Com o encerramento das termas e iminente falência da comunidade, tudo ganha um novo contorno quando Mari (Carmen Machi) a dona do bordel local, ganha o El Gordo.
O realizador em colaboração com Oriol Capel, David S. Olivas e Antonio Sánchez recuperam a tradicional comédia espanhola naquela que é uma ligeira e bem disposta longa-metragem que, sem pretensões a mais, se assume como um simpático momento de descontracção cinematográfica. Num ritmo que faz adivinhar que tudo está prestes a ruir, Villaviciosa de al Lado começa por apresentar aquela que aparenta ser a tranquila e pacífica vida de uma vila interior, até ao momento em que o espectador conhece todos os não tão velhos ressentimentos que povoam as mentes daqueles que nela vivem. Numa comunidade que se crê sacro-santa e onde todos os valores e bons costumes são respeitados, aquilo que emerge é que, no final, todos se respeitam apenas por questões de aparência e não pela crença de que ali... todos são iguais. Nem o padre é moralista, nem todos os casamentos são fiéis ou tão pouco as prostitutas lá da vila são, afinal, bichos imorais e destruidoras de casamentos.
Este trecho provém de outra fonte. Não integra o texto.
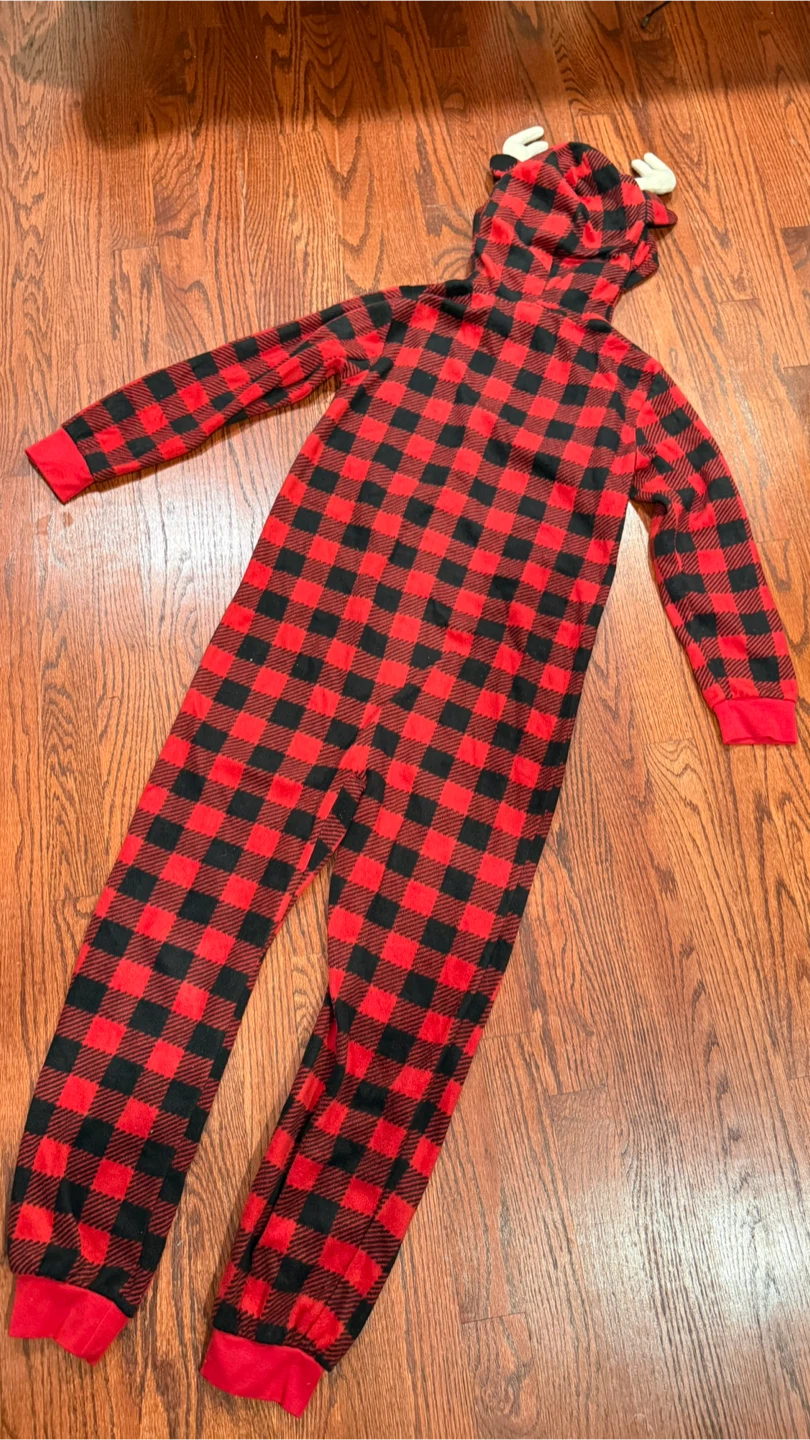Max & Olivia Red Plaid Onesie Size 2/14 - photo 2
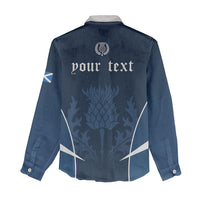 Scotland Rugby Personalized Women Casual Shirt Scottish Thistle Champions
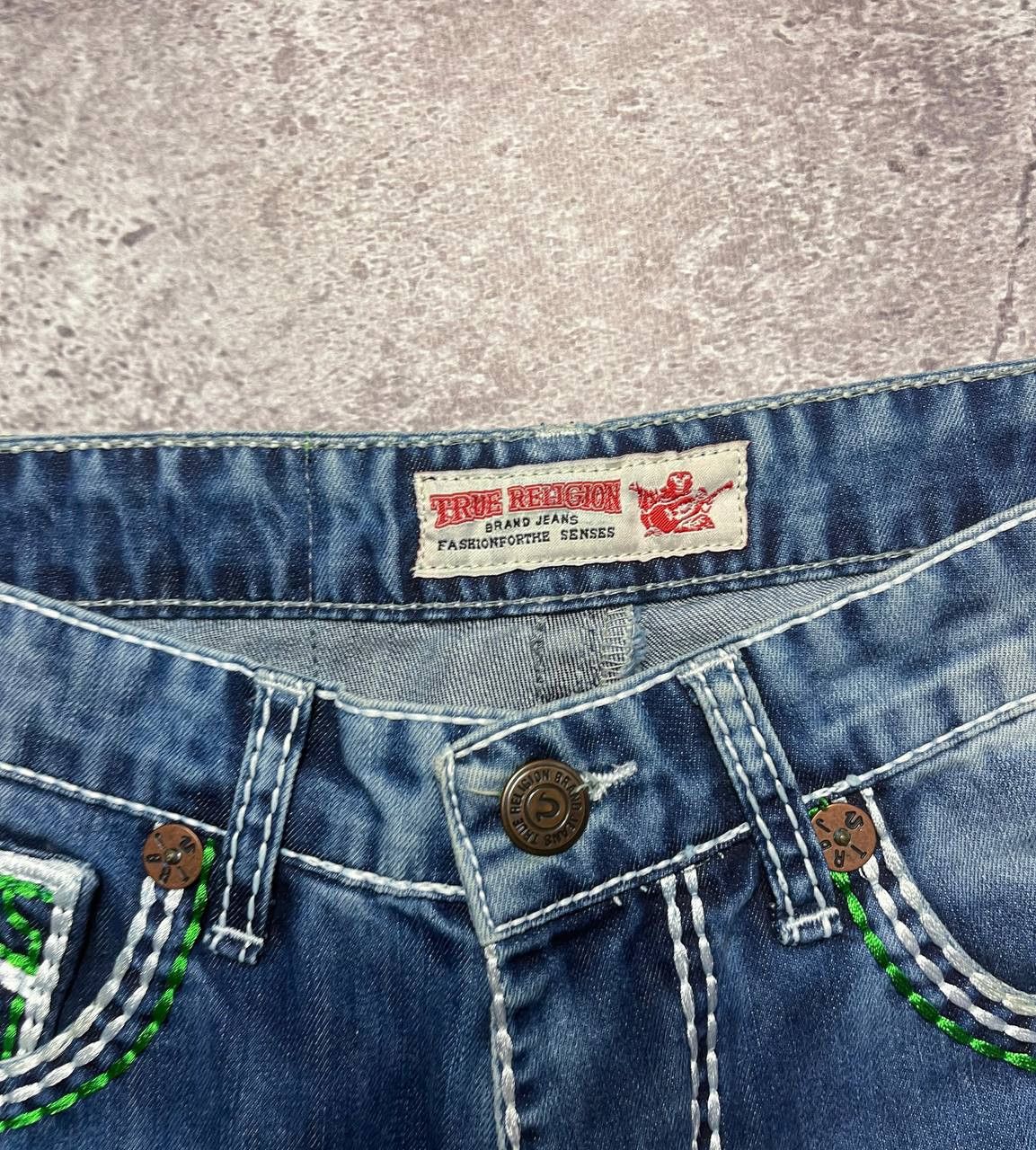 True Religion vintage true religion denim shorts 90s y2k Size US 33 - 4 Thumbnail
Como diz a "Mari" de Machi a seu tempo... "un pueblo no muere de viejo... muere de enfermo".
Os momentos mais interessantes de uma história que é banal, regular e em boa medida esperada pois afinal, vive de um elevado conjunto de lugares comuns, acabam por ser aqueles que se constituem como as maiores concentrações de humor - aquilo que em doses bem contadas -, nomeadamente aqueles (breves) em que o espectador é levado até ao interior da "casa de meninas" - brilhante o segmento de introdução à sexologia - e também às inúmeras desventuras de um conjunto de habitantes que se deixam levar pela agonia de uma sobrevivência que parece ter os seus dias contados.
No entanto, se é real que Villaviciosa de al Lado consegue revelar o lado mais humano de todas estas improváveis personagens, este "real" não vem apenas acompanhado dos seus momentos mais fraternos e altruístas mas também de uma certa cumplicidade com os prazeres mais íntimos da auto-promoção. Afinal, quantos deles esperam realmente o bem da sua pequena comunidade e não um certo enriquecimento que os consiga promover e manter no status que detêm distinguindo-se, dessa forma, de todos os demais que pouco têm e sobre quem eles acham que devem continuar sem ter?! "Mari", uma mulher marcada pela tragédia e acometida pela tragédia mas condenada à opinião alheia, tem agora a sua oportunidade de se distanciar daqueles que lhe apontaram o dedo e fazer justiça numa comunidade que lhe virou as costas mas que, na sombra e no silêncio, continuou a viver com a sua presença e alguns até com os favores e serviços que o seu "negócio" prestava.
Típico retrato de uma qualquer pequena comunidade onde as aparências valem tudo, onde o dinheiro consegue falar mais alto e os desfavorecidos continuam sempre a ser a base de uma pirâmide social que descrimina, Villaviciosa de al Lado destaca-se por simpáticas e interessantes interpretações que espelham os diversos estratos e "postos" de uma vila isolada na sua própria imagem destacando uma imparável María Cruickshank como "Jezabel", uma das prostituas de "Mari" capaz de levar à loucura o mais tímido dos homens.
Com uma certa positividade inerente a todo o seu conteúdo, do argumento às personagens, Villaviciosa de al Lado tenta ser inocentemente moralista - não existe de todo a vontade de pregar moral mas sim revelar que todos podem ser bons e maus dependendo das condições das suas vidas passadas e presentes -, o espectador tem aqui uma história divertida, bem conduzida dentro do género e personagens capazes de realizar o seu próprio filme onde seriam, certamente, estrelas de Hollywood.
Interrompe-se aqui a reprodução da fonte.